(Caption-style text data)
────────────────────────────────────────

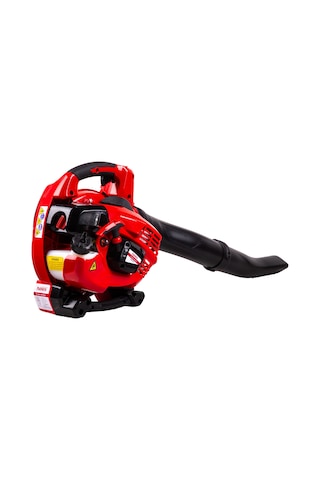 Palmera EB926A 1.2 Hp Eur5 Benzinli Yaprak Üfleme Makinesi
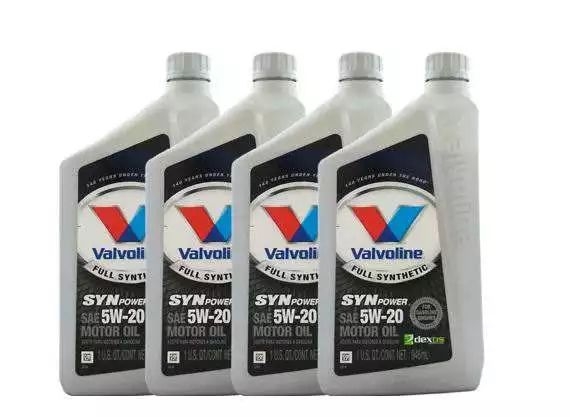 法系thp1.6t发动机烧机油怎么解决,ea888发动机烧机油根治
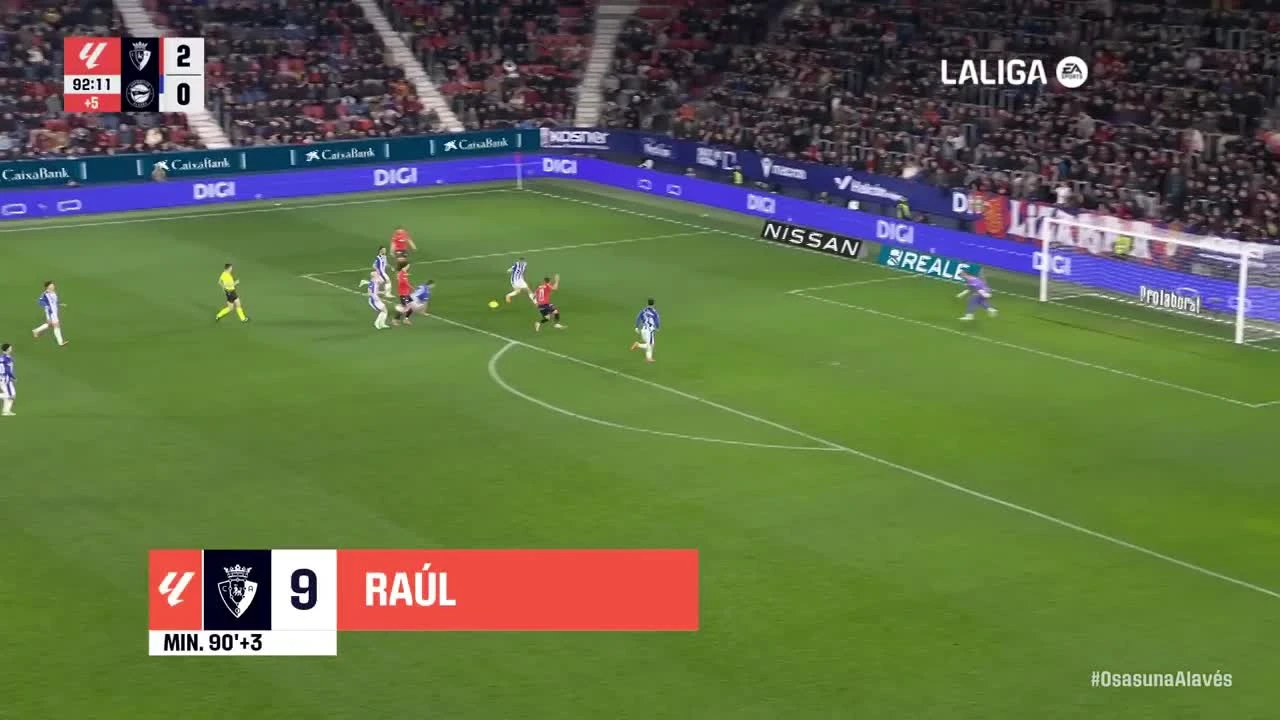 zaslepka skrotu video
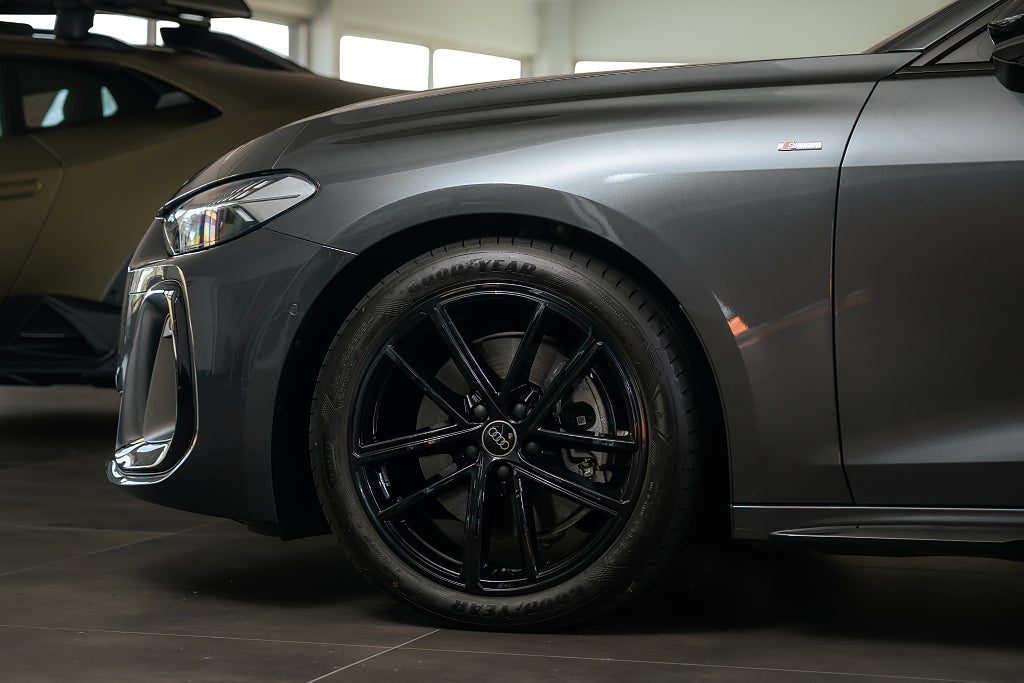 Gallery image 6 of 16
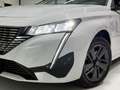 Peugeot 308 130pk Allure Trekhaak Navi, Leer Bekleding, Trekha Weiß - thumbnail 10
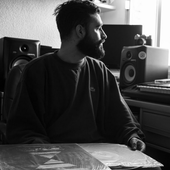 Manu Beats - YouTube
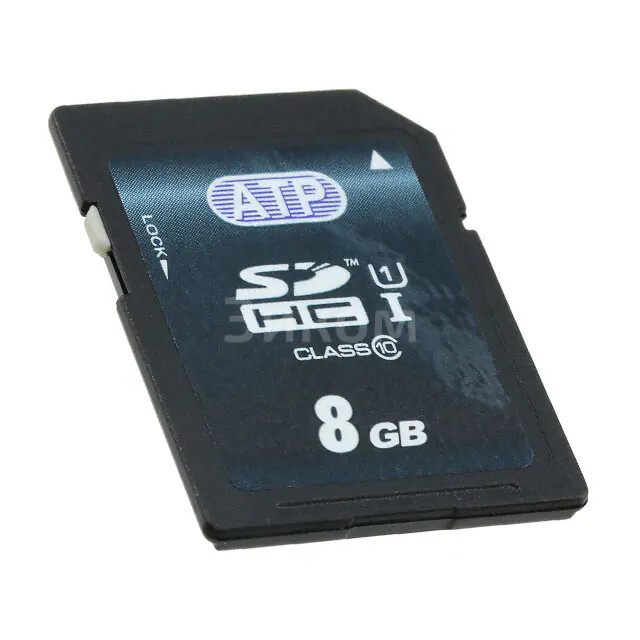 AF8GSD3-OEM AF8GSD3-OEM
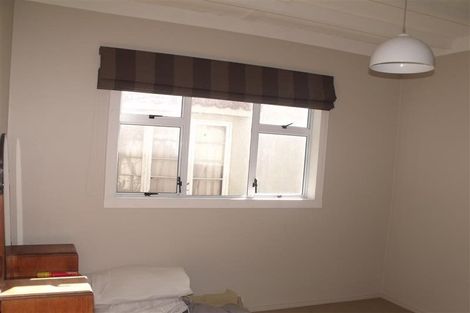 Photo of property in 404 Jervois Street, Mayfair, Hastings, 4122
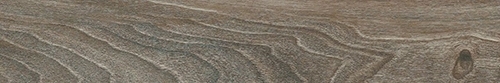 Керамогранит Wooden Tile of CDC Walnut Naturale 20x120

────────────────────────────────────────

**What is expected**
Set every record down verbatim. No pictures belong in the copy.

**Written answer**
 Palmera EB926A 1.2 Hp Eur5 Benzinli Yaprak Üfleme Makinesi
 法系thp1.6t发动机烧机油怎么解决,ea888发动机烧机油根治
 zaslepka skrotu video
 Gallery image 6 of 16
 Peugeot 308 130pk Allure Trekhaak Navi, Leer Bekleding, Trekha Weiß - thumbnail 10
 Manu Beats - YouTube
 AF8GSD3-OEM AF8GSD3-OEM
 Photo of property in 404 Jervois Street, Mayfair, Hastings, 4122
 Керамогранит Wooden Tile of CDC Walnut Naturale 20x120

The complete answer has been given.